Une curiosité invincible fit lever Gabriel. Il avait hâte de savoir l’impression de l’accident sur cette étrange cervelle. Machinalement, Mr et Mme Belvidera se levèrent avec lui et le suivirent. Ils portaient le poids des événements, et parlaient peu. Ils se promenèrent de long en large dans le jardin des annexes, où Gabriel les avait entraînés; ils firent le tour du jet d’eau au perpétuel murmure. Le jeune homme leva la tête malgré lui : on allumait la lumière dans la chambre de Lee. Il brûlait de regarder, de tâcher de surprendre la figure de l’Anglais, de savoir… Mais ce moyen était par trop indiscret; de plus, il n’était pas seul; il essaya d’entraîner ses compagnons. Mais tout à coup, il leur dit, sans pouvoir se maîtriser :

—    Regardez !

Ils levèrent la tête dans la direction de la lumière. Lee était assis, la figure en plein dans la clarté de la lampe; il venait de se mettre à sa table de travail, simplement, mais ses mains étaient inertes, tombées devant lui, et, pour la première fois de sa vie, des larmes coulaient le long de ses joues.

Mr Belvidera était stupéfait.

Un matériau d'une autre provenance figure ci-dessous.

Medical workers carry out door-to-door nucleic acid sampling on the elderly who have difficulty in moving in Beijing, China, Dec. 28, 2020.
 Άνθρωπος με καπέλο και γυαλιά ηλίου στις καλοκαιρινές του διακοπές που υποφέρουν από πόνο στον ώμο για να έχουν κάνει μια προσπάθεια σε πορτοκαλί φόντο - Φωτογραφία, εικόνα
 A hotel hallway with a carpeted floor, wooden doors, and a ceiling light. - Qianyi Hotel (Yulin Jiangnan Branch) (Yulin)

Son étonnement augmenta en remarquant que Dompierre éprouvait une véritable joie à lui répéter :

—    Regardez ! regardez !

Dompierre raconta ce qu’il savait des relations de Lee et de la marchande de fleurs.

—    C’était donc lui ! s’écria Mr Belvidera.

—    Il n’était pas son amant, dit Dompierre, et vous voyez, il vient seulement de s’apercevoir qu’il l’aimait.

—    Le malheureux !

—    Il souffre de son orgueil abattu; mais que n’a-t-il pas souffert avant de pouvoir pleurer comme cela !

—    Oui, dit Mme Belvidera, cela se voyait sur sa figure. Maintenant il sera moins laid.

Ils restaient tous les trois immobiles et très émus devant ce baptême de la douleur d’amour qui achevait de faire d’un poète un homme.